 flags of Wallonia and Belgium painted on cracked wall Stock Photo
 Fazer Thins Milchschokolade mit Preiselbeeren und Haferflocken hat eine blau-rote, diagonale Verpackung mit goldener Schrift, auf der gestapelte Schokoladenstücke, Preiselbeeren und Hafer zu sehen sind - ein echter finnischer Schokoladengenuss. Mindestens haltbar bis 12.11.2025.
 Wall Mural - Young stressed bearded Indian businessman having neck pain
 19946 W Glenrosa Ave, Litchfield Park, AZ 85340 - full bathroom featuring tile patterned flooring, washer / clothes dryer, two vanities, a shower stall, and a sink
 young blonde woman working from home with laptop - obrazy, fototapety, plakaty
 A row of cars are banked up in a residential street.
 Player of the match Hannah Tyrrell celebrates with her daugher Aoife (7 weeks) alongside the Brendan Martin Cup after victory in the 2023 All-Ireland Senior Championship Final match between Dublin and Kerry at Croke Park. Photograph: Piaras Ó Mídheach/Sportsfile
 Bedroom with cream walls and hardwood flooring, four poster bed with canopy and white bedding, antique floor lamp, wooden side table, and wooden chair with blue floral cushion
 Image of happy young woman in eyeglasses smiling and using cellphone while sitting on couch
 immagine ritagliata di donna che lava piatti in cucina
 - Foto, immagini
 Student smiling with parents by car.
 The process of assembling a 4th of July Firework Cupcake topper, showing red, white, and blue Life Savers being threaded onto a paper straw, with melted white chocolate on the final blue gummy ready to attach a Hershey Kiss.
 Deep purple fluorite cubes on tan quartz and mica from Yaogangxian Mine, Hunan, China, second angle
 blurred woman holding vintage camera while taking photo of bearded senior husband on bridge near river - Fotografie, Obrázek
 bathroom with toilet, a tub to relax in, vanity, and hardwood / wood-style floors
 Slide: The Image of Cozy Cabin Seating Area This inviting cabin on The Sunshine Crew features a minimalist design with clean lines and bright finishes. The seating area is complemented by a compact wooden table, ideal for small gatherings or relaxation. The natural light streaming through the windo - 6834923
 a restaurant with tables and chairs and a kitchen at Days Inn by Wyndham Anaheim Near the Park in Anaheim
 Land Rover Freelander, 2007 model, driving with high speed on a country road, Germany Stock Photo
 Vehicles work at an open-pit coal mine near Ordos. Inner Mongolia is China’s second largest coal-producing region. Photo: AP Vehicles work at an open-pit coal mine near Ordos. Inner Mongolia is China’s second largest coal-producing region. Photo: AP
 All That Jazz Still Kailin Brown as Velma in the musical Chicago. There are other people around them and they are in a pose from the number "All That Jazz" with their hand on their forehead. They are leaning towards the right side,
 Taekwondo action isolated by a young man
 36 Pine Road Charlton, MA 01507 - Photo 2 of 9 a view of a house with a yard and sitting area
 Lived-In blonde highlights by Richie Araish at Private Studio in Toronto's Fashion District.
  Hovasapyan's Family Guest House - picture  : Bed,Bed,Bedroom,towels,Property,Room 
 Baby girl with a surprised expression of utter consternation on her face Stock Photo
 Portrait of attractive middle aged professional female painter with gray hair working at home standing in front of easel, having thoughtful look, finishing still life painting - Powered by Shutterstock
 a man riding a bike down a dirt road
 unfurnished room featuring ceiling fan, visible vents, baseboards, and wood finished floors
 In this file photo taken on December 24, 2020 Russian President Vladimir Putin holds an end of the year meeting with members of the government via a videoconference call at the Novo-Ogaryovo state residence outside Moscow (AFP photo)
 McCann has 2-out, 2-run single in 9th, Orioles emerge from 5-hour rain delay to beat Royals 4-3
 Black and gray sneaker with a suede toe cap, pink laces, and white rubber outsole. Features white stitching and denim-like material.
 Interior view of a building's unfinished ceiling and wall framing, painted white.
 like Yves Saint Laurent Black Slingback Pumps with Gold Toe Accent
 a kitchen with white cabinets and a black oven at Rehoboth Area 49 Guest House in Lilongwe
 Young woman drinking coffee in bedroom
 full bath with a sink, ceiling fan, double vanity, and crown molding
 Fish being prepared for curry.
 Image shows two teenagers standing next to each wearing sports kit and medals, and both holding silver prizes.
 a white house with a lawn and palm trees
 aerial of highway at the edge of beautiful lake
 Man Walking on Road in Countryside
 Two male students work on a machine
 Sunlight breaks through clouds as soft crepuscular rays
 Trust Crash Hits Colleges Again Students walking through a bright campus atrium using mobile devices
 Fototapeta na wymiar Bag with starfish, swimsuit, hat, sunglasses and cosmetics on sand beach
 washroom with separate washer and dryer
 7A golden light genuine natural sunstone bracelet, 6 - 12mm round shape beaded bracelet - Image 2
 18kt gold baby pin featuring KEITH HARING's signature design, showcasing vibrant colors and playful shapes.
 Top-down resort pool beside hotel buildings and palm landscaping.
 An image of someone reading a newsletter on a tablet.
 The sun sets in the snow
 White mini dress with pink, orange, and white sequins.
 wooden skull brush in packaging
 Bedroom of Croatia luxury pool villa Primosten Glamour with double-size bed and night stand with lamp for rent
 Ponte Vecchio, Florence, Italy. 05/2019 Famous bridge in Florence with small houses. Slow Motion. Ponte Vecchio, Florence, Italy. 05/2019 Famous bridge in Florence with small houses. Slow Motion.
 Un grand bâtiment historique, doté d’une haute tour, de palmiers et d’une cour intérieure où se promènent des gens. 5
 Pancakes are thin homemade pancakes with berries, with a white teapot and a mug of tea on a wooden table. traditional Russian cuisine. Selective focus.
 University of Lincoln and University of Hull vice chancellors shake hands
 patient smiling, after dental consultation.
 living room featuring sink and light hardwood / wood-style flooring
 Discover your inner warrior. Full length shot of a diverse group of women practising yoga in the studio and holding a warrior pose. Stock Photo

• **REQUIRED ACTION**
Of the entries listed above, reproduce only the lines starting at the line containing "- Foto, immagini" and ending at the line containing "Deep purple fluorite". Include both, exactly as they stand.

• **FINISHED EXERCISE**
 - Foto, immagini
 Student smiling with parents by car.
 The process of assembling a 4th of July Firework Cupcake topper, showing red, white, and blue Life Savers being threaded onto a paper straw, with melted white chocolate on the final blue gummy ready to attach a Hershey Kiss.
 Deep purple fluorite cubes on tan quartz and mica from Yaogangxian Mine, Hunan, China, second angle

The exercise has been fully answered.